Another thing is the cubes are a lot better now. I also got myself a "speed cube" for Christmas. You can make a turn or double turn with just a flick, although I'm sure it takes some practice.

I was always really slow, since I created my own methods. More interested in playing with congugates (ABA'), commutators (ABAB'), and other stuff from group theory & group representation theory...than doing it fast. 219 space groups (3D) & 17 wallpaper groups (2D, also called "plane symmetry groups"). My Dad used to be an X-ray crystallographer, so he talked about this stuff a lot at home when I was a little boy.

https://en.wikipedia.org/wiki/Space_group
https://en.wikipedia.org/wiki/Wallpaper_group

I liked creating patterns on the cube (and writing down who to make the patterns).
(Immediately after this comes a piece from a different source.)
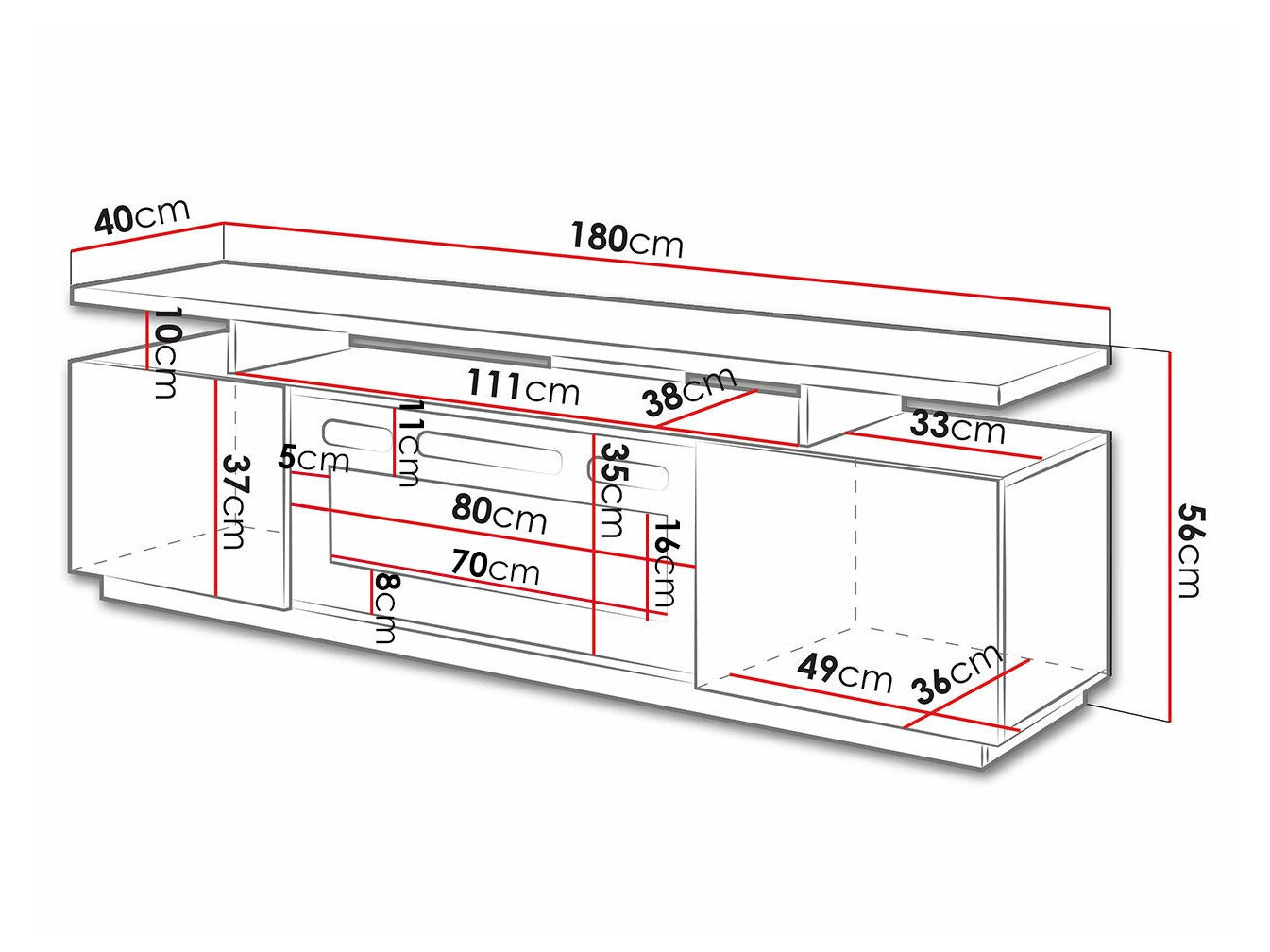 TV-bord Charlotte 151 (Sort + Blank sort)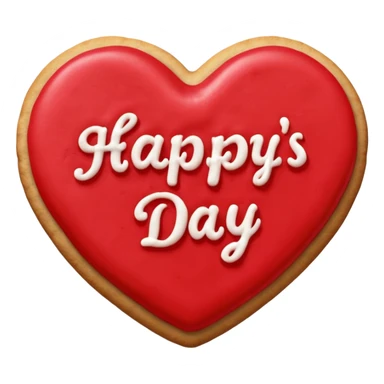 Heart-shaped cookie with red icing emoji, write happy valentine's day on top of the red icing in white icing sticker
Have you tried blindfold cubing?

Quote: Wizard

They now have sequences for every possible bottom arrangement, which is where the 80's method spent most of the time. I think there are short cuts with the middle level too. The downside to today's much faster times is a lot more memorization is required.

A college friend in 1983 could do 23 sec (if I remember correctly), and I thought that was wicked fast.

I hear what's common in speed-cubing is called Jessica Friedrich's CPOP method (1997).

a) David Singmaster published a layer-based solution in 1980.
b) Guus Razoux Schultz was using an early F2L system in 1982 (solves the first two layers simultaneously).
-> (1) Cross (2) F2L ... rather than (1) Layer-1 (2) Layer-2
-> People also do "color-blind" starts; e.g. start with the most suitable start side (not always white).
c) Friedrich developed better OLL and PLL algorithms (orienting the last layer pieces, then permuting them into their correct positions), which together allowed any last layer position to be solved with two algorithms and was significantly faster than previous last layer systems.

https://en.wikipedia.org/wiki/CFOP_Method

The "big 4" methods are CPOP, Petrus, Roux, and ZZZ.

Philip Marshall's The Ultimate Solution to Rubik's Cube averages only 65 twists yet requiring the memorisation of only two algorithms.
The cross is solved first, followed by the remaining edges, then five corners, and finally the last three corners.

Lars Petrus method - a 2×2×2 section is solved first, followed by a 2×2×3, and then the incorrect edges are solved using a three-move algorithm, which eliminates the need for a possible 32-move algorithm later. The principle behind this is that in layer-by-layer you must constantly break and fix the first layer; the 2×2×2 and 2×2×3 sections allow three or two layers to be turned without ruining progress. One of the advantages of this method is that it tends to give solutions in fewer moves.

Roux Method, developed by Gilles Roux, is similar to the Petrus method in that it relies on block building rather than layers, but derives from corners-first methods.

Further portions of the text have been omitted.